Hayko BAĞDAT
Hollywood’un meşhur korku filmleri vardır hani, finali büyük sürpriz ile biten...
Benzerlerini mutlaka izlemiş olmalısınız. “Altıncı His” filmi vardı mesela. Bruce Willis finalde başka çıkıyordu hani...
Öyle bir film uyduralım…
Bir adam, karısı ve çocuklarıyla yeni bir eve taşınır. Göl kenarı, villa tipi, sessiz, huzurlu, güvenli bir ev olsun taşındıkları. O eve yerleştiklerinde, kadın uzun süredir özlemini çektiği çalışma odasına, kütüphaneye, şık mutfağa, çocuklar bahçeye, göle, ağaca, adam da sükunete kavuşacaktır. Adam da çocuklar da kadın da artık mutluluk bulacaklardır.
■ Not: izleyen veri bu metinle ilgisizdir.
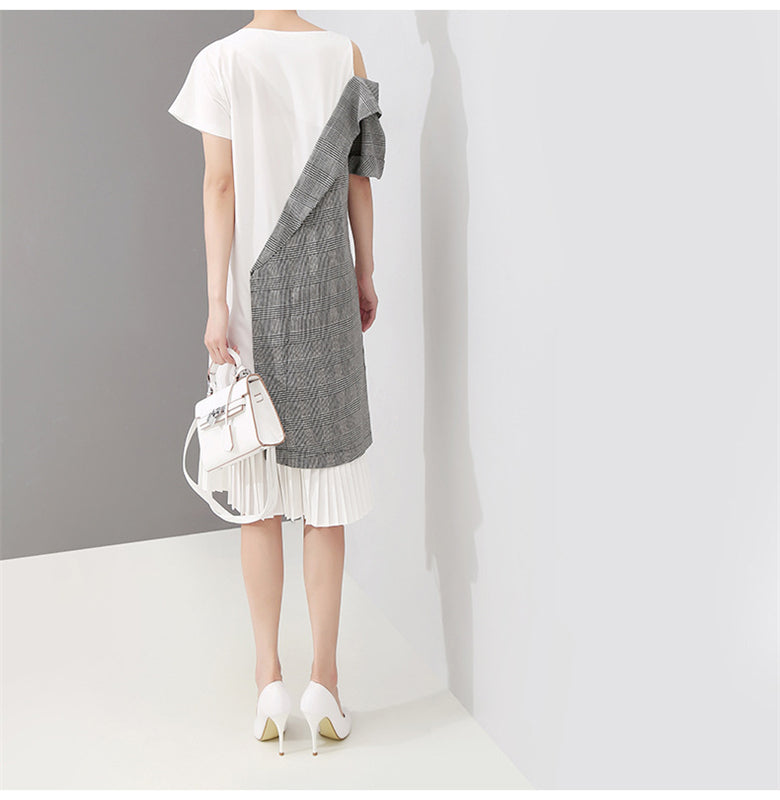 Elegant Split-joint Cropped Dress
Çiftin bazı sorunları vardır ama o ev onlara iyi gelecektir. Belki de artık boşanmayacaklardır bu ev sayesinde. Neredeyse filmin ilk bölümlerinde bunun bir korku filmi olduğunu unuturuz; o evi, o aileyi ve onların gündelik hayatlarını izlemeye başlarız.
Bir süre sonra evde hiç olmaması gereken bir şey olur. İşte o anda hatırlarız tekrar korku filmi izlediğimizi. Neye bilet aldığımızı da biliyoruz neticede. Gaipten bir ses duymaya başlar ev ahalisi. O ses, ev sahiplerini rahatsız etmeye başlar. Evde siluetler belirir. Ve biz izleyiciler o gaipten gelen sese, silüete çok kızarız.
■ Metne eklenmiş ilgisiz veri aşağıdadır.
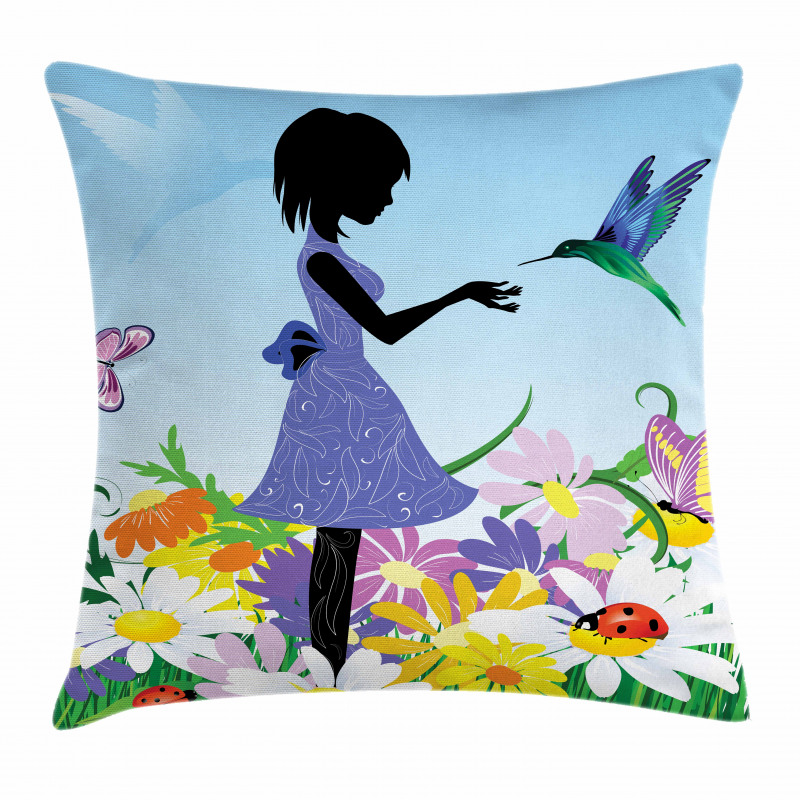 Lawn Blossomed Flowers Pillow Cover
Evdekilerin hayatı tam düzene girmek üzereyken, çocuğu korkutur o ses mesela. Çocuk gece koşar, annesinin babasının yatağına girer. Kadının psikolojisi bozulur, doktorlara falan götürmek zorunda kalır adam.
Sonra bu çaresizlik içerisinde yeni tedbirler almaya başlar. Eve tesisatçı çağırır. Papaz çağırır. Biz o ana kadar, oturduğumuz yerden aileyle birlikte aynı taraftayızdır, o sesi sussun, yok olsun isteriz.
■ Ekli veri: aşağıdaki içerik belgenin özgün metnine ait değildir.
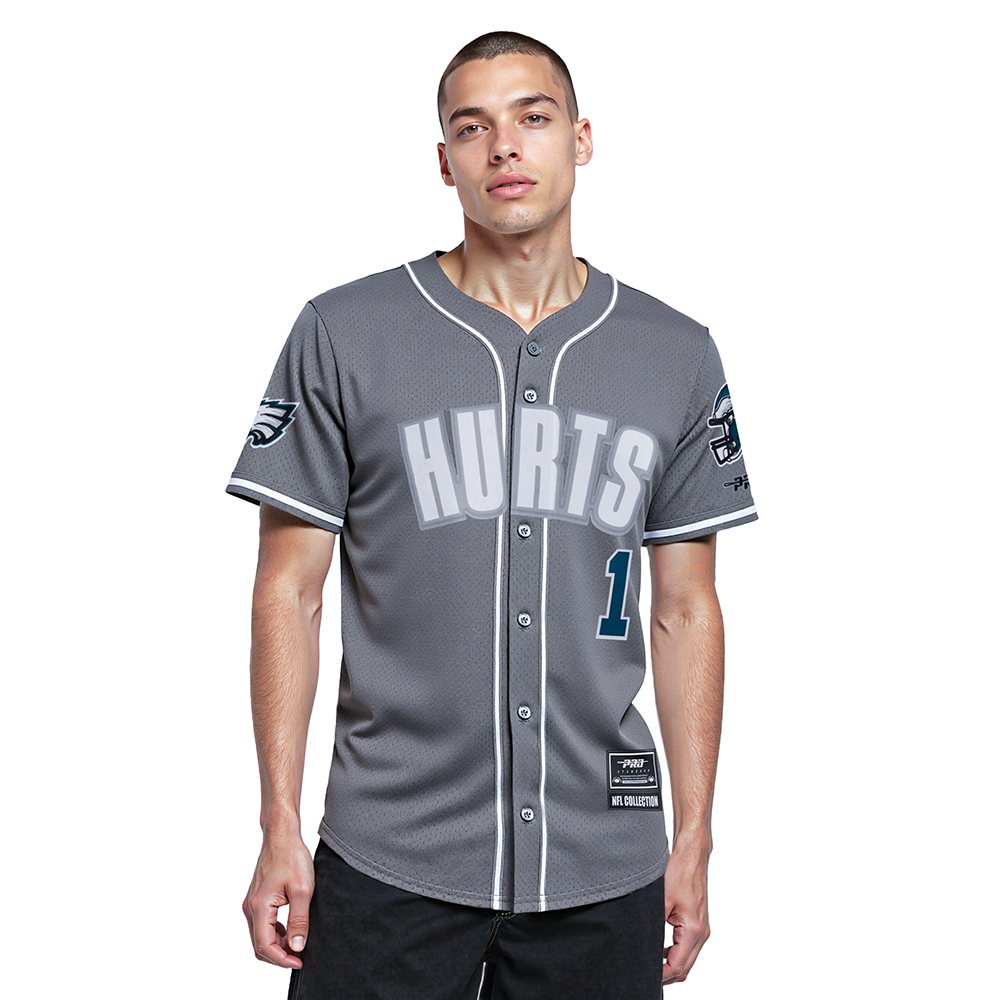 NFL PHILADELPHIA EAGLES JALEN HURTS #1 CLASSIC MESH PNN MEN'S MESH BUTTON DOWN SHIRT (Gray)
Sonra sürprizli kısmı gelir filmin, bir çekmece açılır, bir fotoğraf çıkar gizli bölümden. O sesin kaynağının kime ait olduğunu çok merak ediyoruz ya. Anlarız, o evin eski sakinlerinden bir kadındır. Bir cinayete kurban gitmiştir; cesedi de o evin bodrumuna gömülmüştür.
Tam olarak ne yaptığını bilmiyordur. Yaşıyor mu, öldü mü, arafta mı, cennette mi, cehennemde mi? Bilemeyiz. O, usulüne göre gömülmediği için, cinayete kurban gittiği için kızgındır sadece.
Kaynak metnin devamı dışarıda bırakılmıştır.